[Source information]

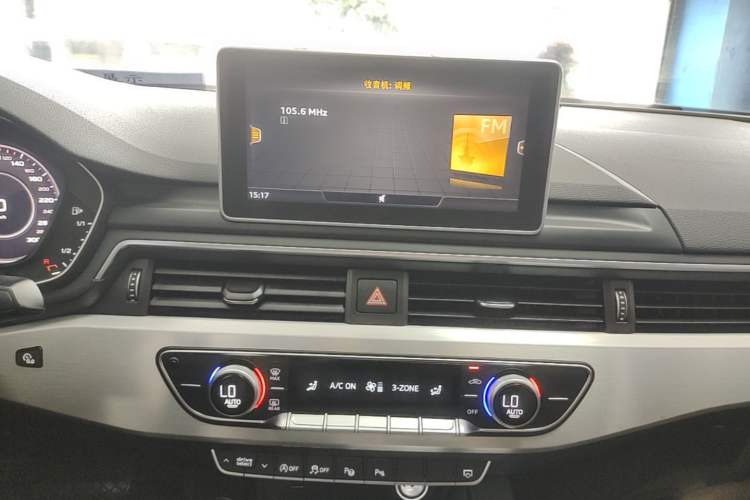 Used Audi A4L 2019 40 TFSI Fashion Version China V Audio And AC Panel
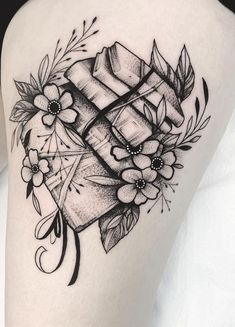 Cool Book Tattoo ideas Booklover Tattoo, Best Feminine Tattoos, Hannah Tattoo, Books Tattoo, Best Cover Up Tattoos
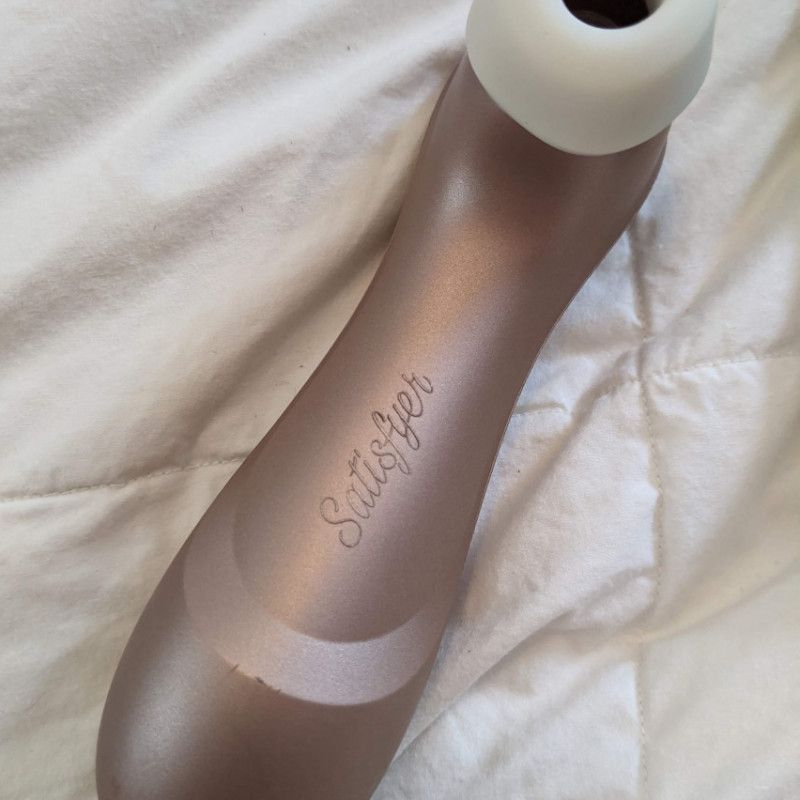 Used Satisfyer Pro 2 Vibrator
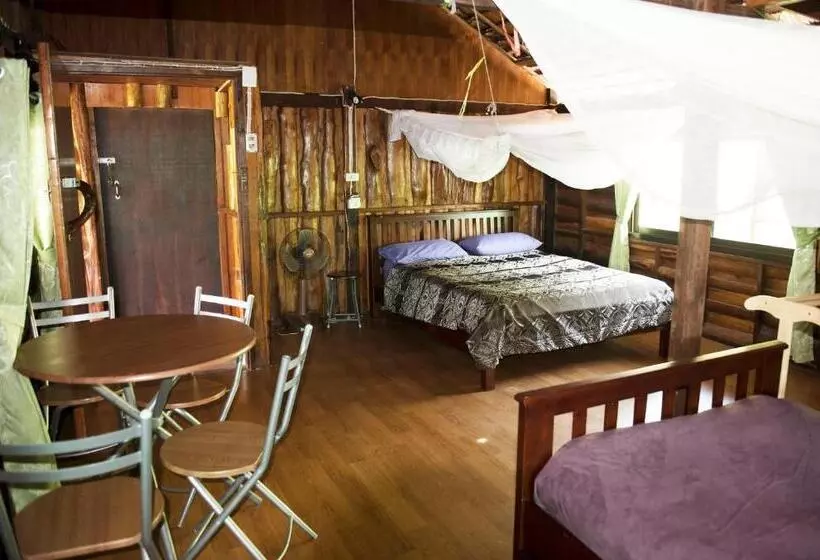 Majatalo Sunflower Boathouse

[/Source information]
[Source information]

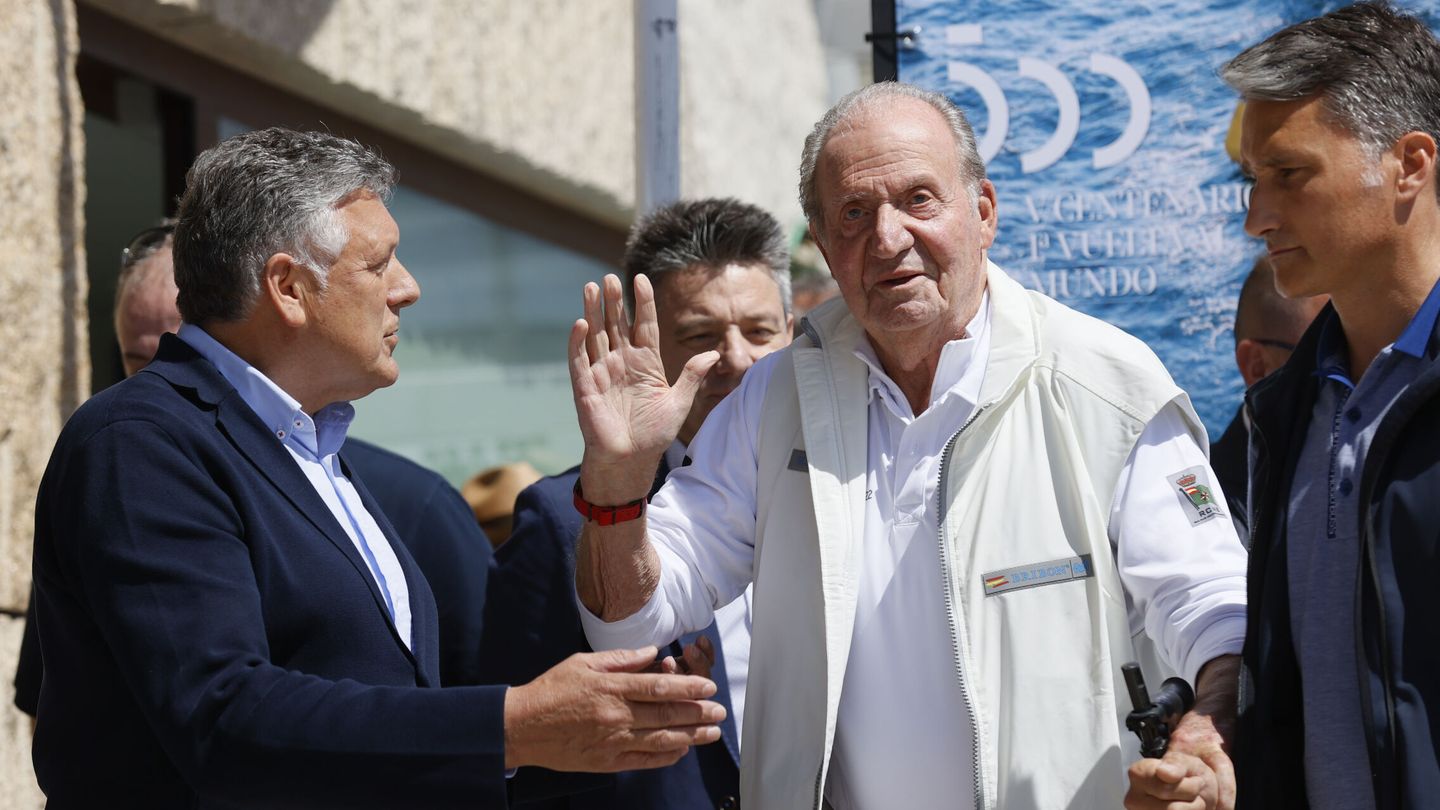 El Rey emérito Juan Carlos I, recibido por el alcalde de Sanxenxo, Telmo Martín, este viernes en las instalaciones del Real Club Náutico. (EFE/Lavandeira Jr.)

[/Source information]
[Source information]

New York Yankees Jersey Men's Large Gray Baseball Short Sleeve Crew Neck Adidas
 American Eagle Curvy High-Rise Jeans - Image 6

[/Source information]

Aim of the exercise: Copy out exactly the lines above beginning with the line that contains "Cool Book Tattoo" and finishing with the line that contains "Majatalo Sunflower Boathouse", including both; leave the pictures out.

Response to this task:
 Cool Book Tattoo ideas Booklover Tattoo, Best Feminine Tattoos, Hannah Tattoo, Books Tattoo, Best Cover Up Tattoos
 Used Satisfyer Pro 2 Vibrator
 Majatalo Sunflower Boathouse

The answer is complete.